St. Marguerite’s offers classes from pre-school through third grade, although pre-schools aren’t eligible for the voucher. Eventually, the school is hoping to offer classes up to eighth grade. Currently, tuition at the private school is $2,100 a year for kindergarten and $3,200 a year for elementary grades.

Burden added that although she believes St. Marguerite’s to be the only private school in Tooele County that is eligible for the voucher program, she thinks parents should have an alternative to public education.

“We have parents who come in looking for an alternative and besides us, there’s only home school,” said Burden. The Parents for Choice in Education Web site states the voucher program levels the playing field by providing families — especially those with lower incomes — a chance to attend a private school.

Johnsen, like other voucher opponents, disagrees. He said private school affordability is an issue, especially when the amount of the voucher isn’t adequate relative to the cost of tuition.

Anti-voucher and pro-voucher groups have come up with varying average costs for private school tuition, ranging from $4,000 to $8,000.

Cost predictions of the voucher program are listed in the state’s voter guide. The Legislative fiscal analyst estimates the voucher program will cost the state $5.5 million in its first year. By the program’s 13th year — after all private school students in Utah are eligible for the scholarship — the analyst estimates the program will cost the state $71 million.

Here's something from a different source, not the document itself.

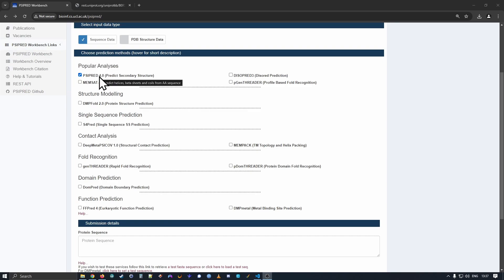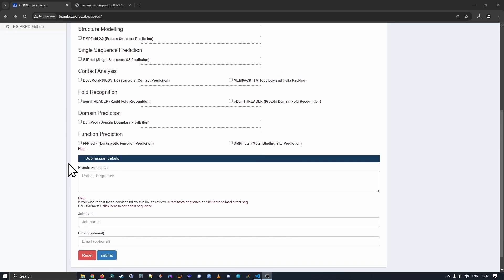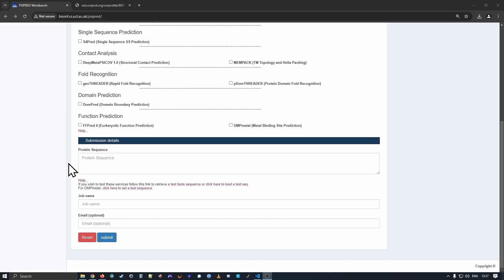If you hover over any of the names, you get a slightly longer description of what the method does in the tooltip. Moving down, having selected the method we would like to run, we can input our sequence data.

The analyst predicted school districts throughout the state will save a combined total of $2.4 million to $11.5 million during the first year of the program, and $11 million to $28 million by the 13th year of the program. Savings would come from fewer students school districts would need to educate.

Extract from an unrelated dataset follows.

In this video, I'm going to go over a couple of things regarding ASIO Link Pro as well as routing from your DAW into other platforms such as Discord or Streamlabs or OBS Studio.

“Right now, the economy is very good and there’s been a good abundance of money and education has fared very well, but we’re going to have some lean times again and when those lean times come who’s going to get money: public, charter or private?” Johnsen said. “We’re not only funding public education, but two other sources of education and I don’t think that’s realistic.”

Clifford counters that argument by saying, “I do think the old solution of just ‘we need more money from the government’ is failing. I think private enterprise is more accountable with its money and more accountable to make that money perform and go further than public entities. And I don’t think anyone would argue a private education will outperform a public education. The vouchers are simply a way of making public money go further.”

St. Marguerite’s will hold an informational public meeting on school vouchers on Oct. 26 at 7 p.m.